New Year, New Priorities

When I was a little girl, I never saw my parents argue. I never saw my mom get upset, and I only recall my dad losing his temper once. I always thought they had it all together and never argued and while that’s not always a bad thing, I realize in my adulthood that it's not always healthy to never show your kids your weaknesses.


That's no fault of my parents. Society says we have to always keep it together. you can't show weakness. People with mental health issues are looked down upon.


Instead of creating a New Year’s resolution that I will likely quit hallways through January, I’m making my mental health a priority in 2024. I’ve had a lot of trauma, grief, and stress in 2023. There is no sugar coating it and I’m breaking the stigma that moms have to do it all and keep it together and that dads can’t show weakness and have to be the backbone of the family. Much like my van, I am low on fuel and require maintenance.
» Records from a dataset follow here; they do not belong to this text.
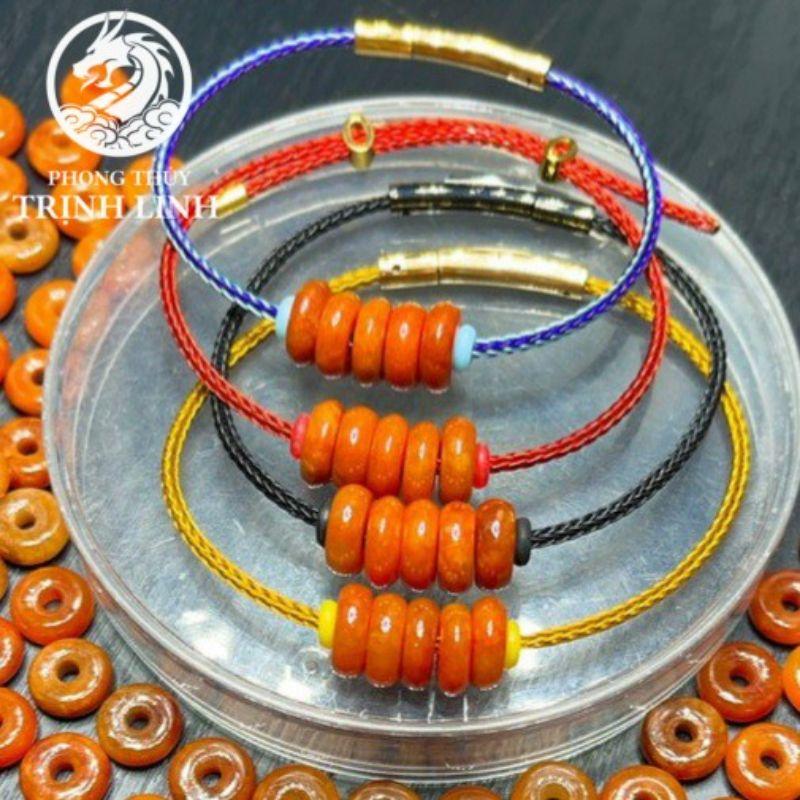 VÒNG TAY NGŨ ĐỒNG ĐIẾU HUYẾT ĐỎ CAM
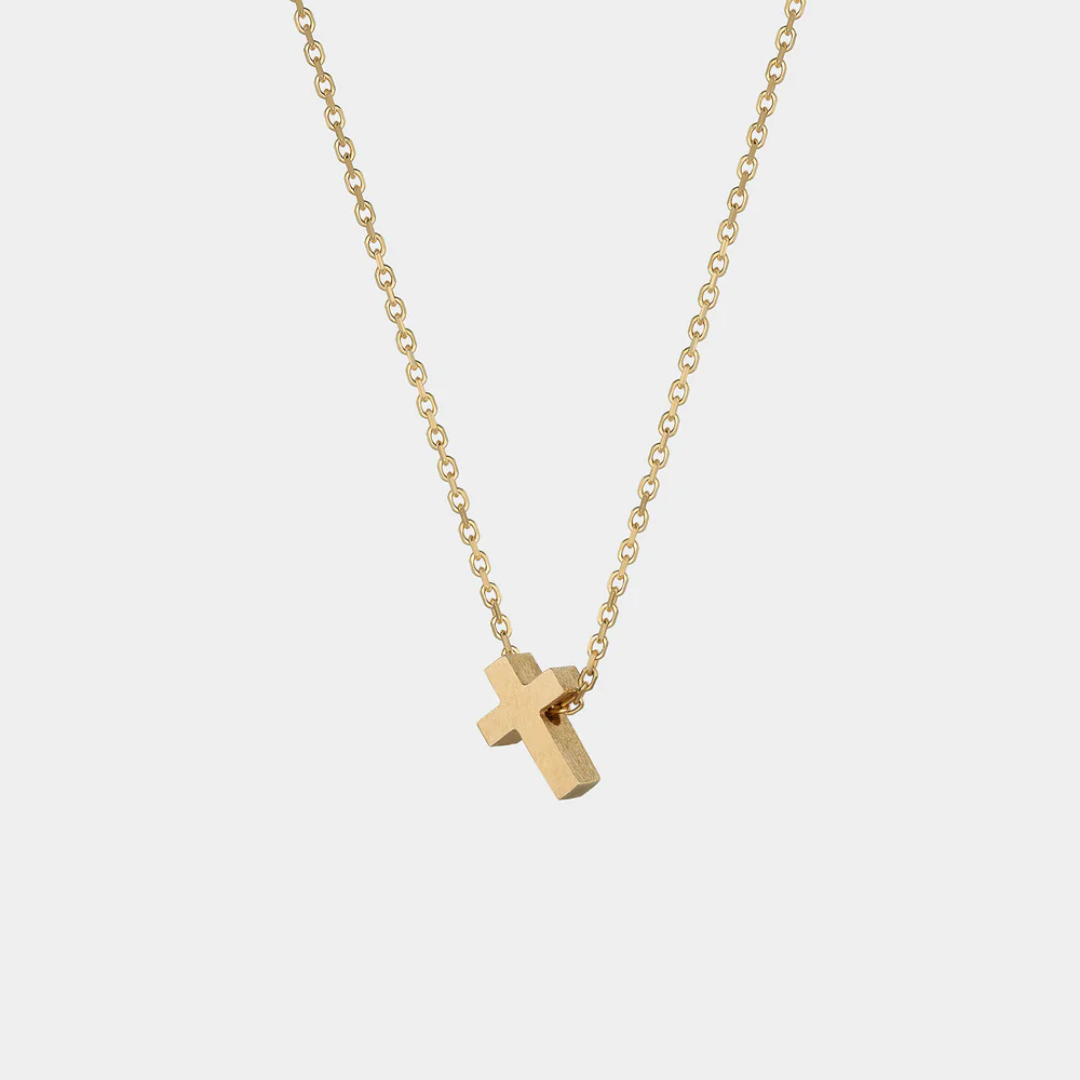 Yellow gold necklace with a small cross pendant on a white background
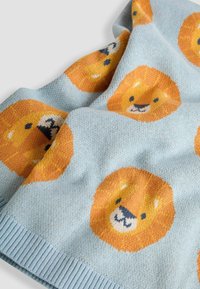 Manta de punto de color azul claro con patrones de caras de león naranja, con un borde acanalado. Textura suave, diseño juguetón y colores vivos.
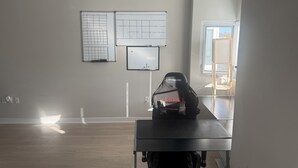 A room with a desk, a chair, and a whiteboard with diagrams. - Modern 2BR/2BTH near DC; Walk to Mall, Shops & Metro! (Hyattsville)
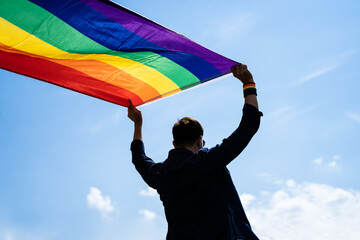 LGBT March And Pride Celebration With Rainbow Flag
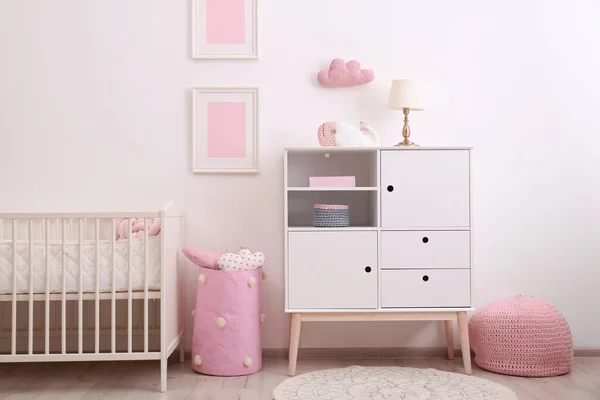 Nursery interior with comfortable bed and cabinet — ストック写真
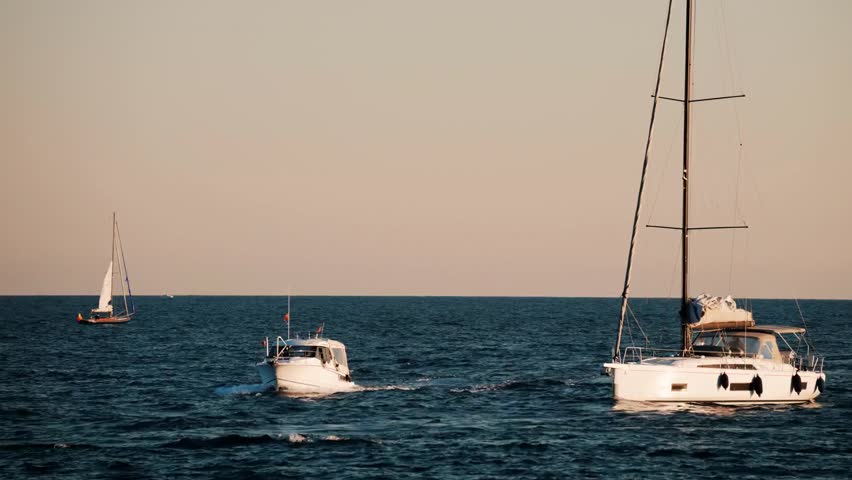 White boats moving calmly on the blue sea in Golfe-Juan, France, captured on a sunny day with scenic coastal views and peaceful Mediterranean vibes.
My kids need to know it’s okay to ask for help. They need to understand that they can’t control everything. They need to see that mom and dad argue sometimes, and they need to learn how we work through the struggles and come together again. My kids need to know that it’s okay to make mistakes and it’s okay to be sad, angry, upset, nervous, etc. They need to see how their mom and dad cope and work through these emotions so they know how to when they feel this way.


I don’t want my kids growing up thinking everything is perfect because they never see their mom or dad cry or be upset. I don’t want my kids thinking they have to make good grades, be in all the sports, and keep it all together in order to be popular or well liked. I want my kids to be the ones who make mistakes and get messy, but have fun doing it. I want my kids to celebrate the happy times, but also let their guards down to sit in those uncomfortable feelings every once in a while.